▶ **Task objective**
Write the listing out once more, with every line exactly as it stands.

▶ **Data supplied**
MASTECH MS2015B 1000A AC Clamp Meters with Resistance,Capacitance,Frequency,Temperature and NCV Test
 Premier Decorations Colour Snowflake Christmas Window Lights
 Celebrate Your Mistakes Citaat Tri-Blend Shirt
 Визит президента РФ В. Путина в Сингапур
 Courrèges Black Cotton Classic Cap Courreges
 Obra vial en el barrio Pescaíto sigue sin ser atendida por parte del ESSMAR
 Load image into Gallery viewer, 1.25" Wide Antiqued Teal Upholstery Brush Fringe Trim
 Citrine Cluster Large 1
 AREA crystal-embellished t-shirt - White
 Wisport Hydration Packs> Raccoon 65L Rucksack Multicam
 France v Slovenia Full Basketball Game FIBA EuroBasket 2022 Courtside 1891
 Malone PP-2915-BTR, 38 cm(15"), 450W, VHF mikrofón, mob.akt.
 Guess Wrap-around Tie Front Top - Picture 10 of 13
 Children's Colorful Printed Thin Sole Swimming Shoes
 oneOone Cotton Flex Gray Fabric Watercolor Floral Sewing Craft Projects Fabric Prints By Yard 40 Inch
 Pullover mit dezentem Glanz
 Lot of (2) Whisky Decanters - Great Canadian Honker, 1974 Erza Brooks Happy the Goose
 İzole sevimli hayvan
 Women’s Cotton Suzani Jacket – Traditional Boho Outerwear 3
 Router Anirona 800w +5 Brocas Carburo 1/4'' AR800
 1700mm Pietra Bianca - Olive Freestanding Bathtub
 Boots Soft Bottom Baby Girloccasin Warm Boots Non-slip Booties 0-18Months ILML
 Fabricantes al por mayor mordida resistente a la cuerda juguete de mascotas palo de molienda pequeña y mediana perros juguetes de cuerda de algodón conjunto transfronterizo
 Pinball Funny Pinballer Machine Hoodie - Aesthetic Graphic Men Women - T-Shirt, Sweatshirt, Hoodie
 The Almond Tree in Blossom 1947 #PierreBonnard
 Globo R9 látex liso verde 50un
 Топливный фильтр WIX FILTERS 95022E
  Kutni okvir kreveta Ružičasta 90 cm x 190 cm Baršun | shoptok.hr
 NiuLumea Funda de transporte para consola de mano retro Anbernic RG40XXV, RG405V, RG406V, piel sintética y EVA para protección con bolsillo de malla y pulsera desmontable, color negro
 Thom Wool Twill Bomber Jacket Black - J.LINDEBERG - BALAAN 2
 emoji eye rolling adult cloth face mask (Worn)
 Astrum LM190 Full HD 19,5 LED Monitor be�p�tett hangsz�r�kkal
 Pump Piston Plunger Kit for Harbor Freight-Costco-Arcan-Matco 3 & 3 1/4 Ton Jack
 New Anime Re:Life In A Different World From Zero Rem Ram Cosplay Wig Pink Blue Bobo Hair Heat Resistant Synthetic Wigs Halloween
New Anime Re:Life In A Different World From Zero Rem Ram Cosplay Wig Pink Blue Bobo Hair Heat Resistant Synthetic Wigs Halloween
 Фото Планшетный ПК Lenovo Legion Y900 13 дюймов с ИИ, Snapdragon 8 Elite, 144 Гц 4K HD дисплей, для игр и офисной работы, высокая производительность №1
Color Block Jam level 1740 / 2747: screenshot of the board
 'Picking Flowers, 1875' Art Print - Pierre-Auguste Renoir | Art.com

▶ **Task response**
MASTECH MS2015B 1000A AC Clamp Meters with Resistance,Capacitance,Frequency,Temperature and NCV Test
 Premier Decorations Colour Snowflake Christmas Window Lights
 Celebrate Your Mistakes Citaat Tri-Blend Shirt
 Визит президента РФ В. Путина в Сингапур
 Courrèges Black Cotton Classic Cap Courreges
 Obra vial en el barrio Pescaíto sigue sin ser atendida por parte del ESSMAR
 Load image into Gallery viewer, 1.25" Wide Antiqued Teal Upholstery Brush Fringe Trim
 Citrine Cluster Large 1
 AREA crystal-embellished t-shirt - White
 Wisport Hydration Packs> Raccoon 65L Rucksack Multicam
 France v Slovenia Full Basketball Game FIBA EuroBasket 2022 Courtside 1891
 Malone PP-2915-BTR, 38 cm(15"), 450W, VHF mikrofón, mob.akt.
 Guess Wrap-around Tie Front Top - Picture 10 of 13
 Children's Colorful Printed Thin Sole Swimming Shoes
 oneOone Cotton Flex Gray Fabric Watercolor Floral Sewing Craft Projects Fabric Prints By Yard 40 Inch
 Pullover mit dezentem Glanz
 Lot of (2) Whisky Decanters - Great Canadian Honker, 1974 Erza Brooks Happy the Goose
 İzole sevimli hayvan
 Women’s Cotton Suzani Jacket – Traditional Boho Outerwear 3
 Router Anirona 800w +5 Brocas Carburo 1/4'' AR800
 1700mm Pietra Bianca - Olive Freestanding Bathtub
 Boots Soft Bottom Baby Girloccasin Warm Boots Non-slip Booties 0-18Months ILML
 Fabricantes al por mayor mordida resistente a la cuerda juguete de mascotas palo de molienda pequeña y mediana perros juguetes de cuerda de algodón conjunto transfronterizo
 Pinball Funny Pinballer Machine Hoodie - Aesthetic Graphic Men Women - T-Shirt, Sweatshirt, Hoodie
 The Almond Tree in Blossom 1947 #PierreBonnard
 Globo R9 látex liso verde 50un
 Топливный фильтр WIX FILTERS 95022E
  Kutni okvir kreveta Ružičasta 90 cm x 190 cm Baršun | shoptok.hr
 NiuLumea Funda de transporte para consola de mano retro Anbernic RG40XXV, RG405V, RG406V, piel sintética y EVA para protección con bolsillo de malla y pulsera desmontable, color negro
 Thom Wool Twill Bomber Jacket Black - J.LINDEBERG - BALAAN 2
 emoji eye rolling adult cloth face mask (Worn)
 Astrum LM190 Full HD 19,5 LED Monitor be�p�tett hangsz�r�kkal
 Pump Piston Plunger Kit for Harbor Freight-Costco-Arcan-Matco 3 & 3 1/4 Ton Jack
 New Anime Re:Life In A Different World From Zero Rem Ram Cosplay Wig Pink Blue Bobo Hair Heat Resistant Synthetic Wigs Halloween
New Anime Re:Life In A Different World From Zero Rem Ram Cosplay Wig Pink Blue Bobo Hair Heat Resistant Synthetic Wigs Halloween
 Фото Планшетный ПК Lenovo Legion Y900 13 дюймов с ИИ, Snapdragon 8 Elite, 144 Гц 4K HD дисплей, для игр и офисной работы, высокая производительность №1
Color Block Jam level 1740 / 2747: screenshot of the board
 'Picking Flowers, 1875' Art Print - Pierre-Auguste Renoir | Art.com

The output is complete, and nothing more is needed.